EXERCISE GOAL
Restate word for word the lines below, from the one containing "May include: Framed" through the final line, with no pictures included.

INFORMATION SUPPLIED
= = = = =

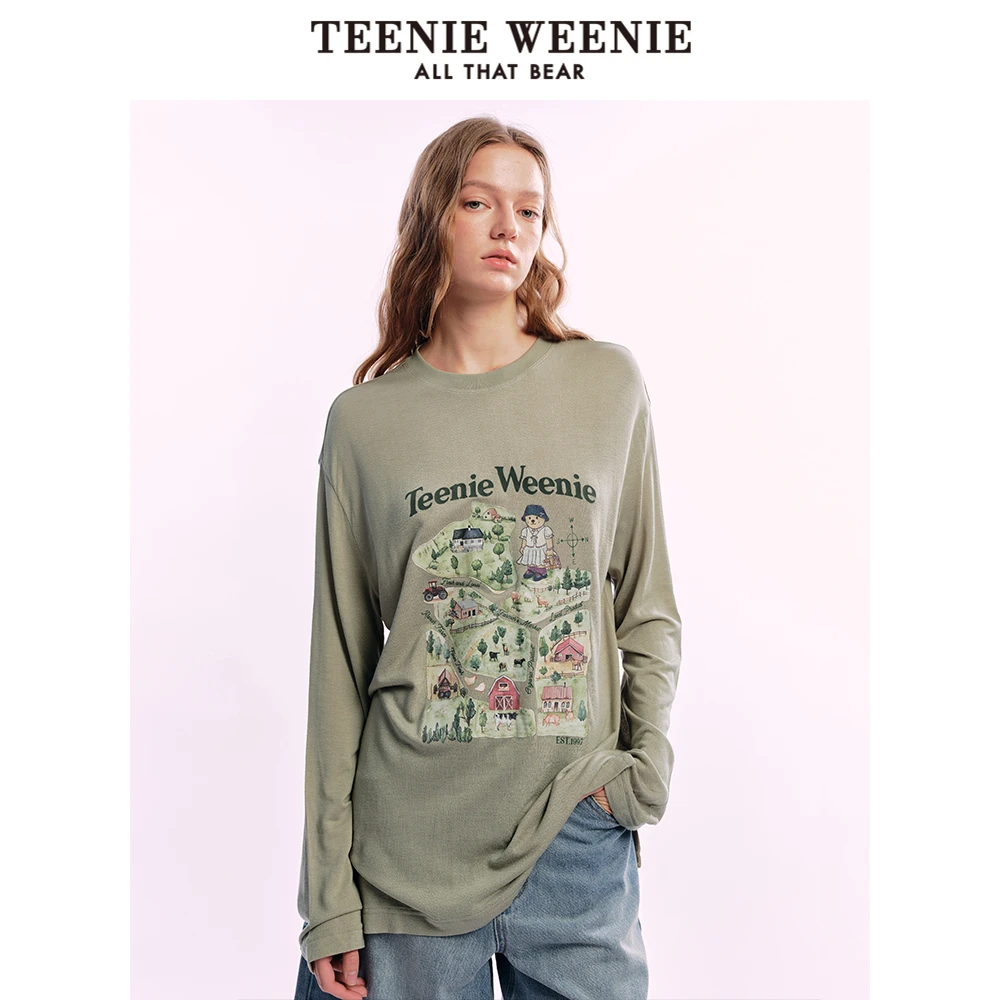 #TeenieWeenie小熊长袖T恤25甜美清新田园印花上衣TTLA256416I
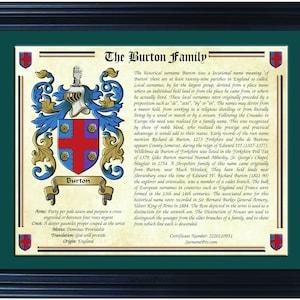 May include: Framed family crest art for the Burton family, featuring a coat of arms with a shield in red, blue, and purple. The crest includes a gauntlet and scroll with the family name. The frame is black.
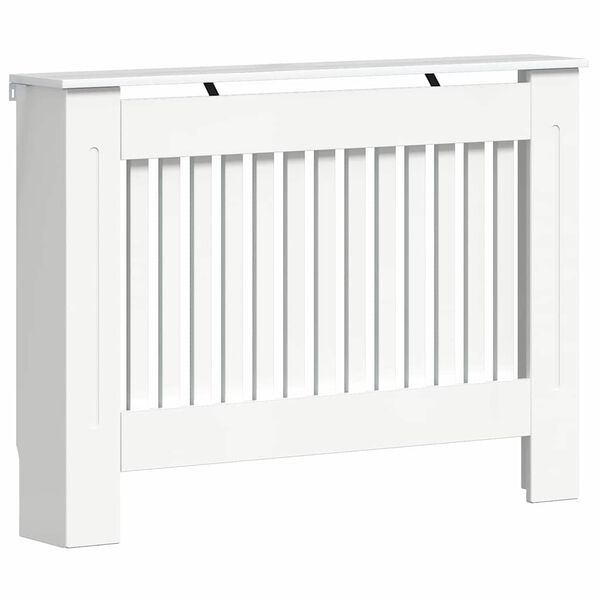 vidaXL Capac pentru radiator Alb lucios 112 x 19 x 81,5 cm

= = = = =

WRITTEN RESPONSE
 May include: Framed family crest art for the Burton family, featuring a coat of arms with a shield in red, blue, and purple. The crest includes a gauntlet and scroll with the family name. The frame is black.
 vidaXL Capac pentru radiator Alb lucios 112 x 19 x 81,5 cm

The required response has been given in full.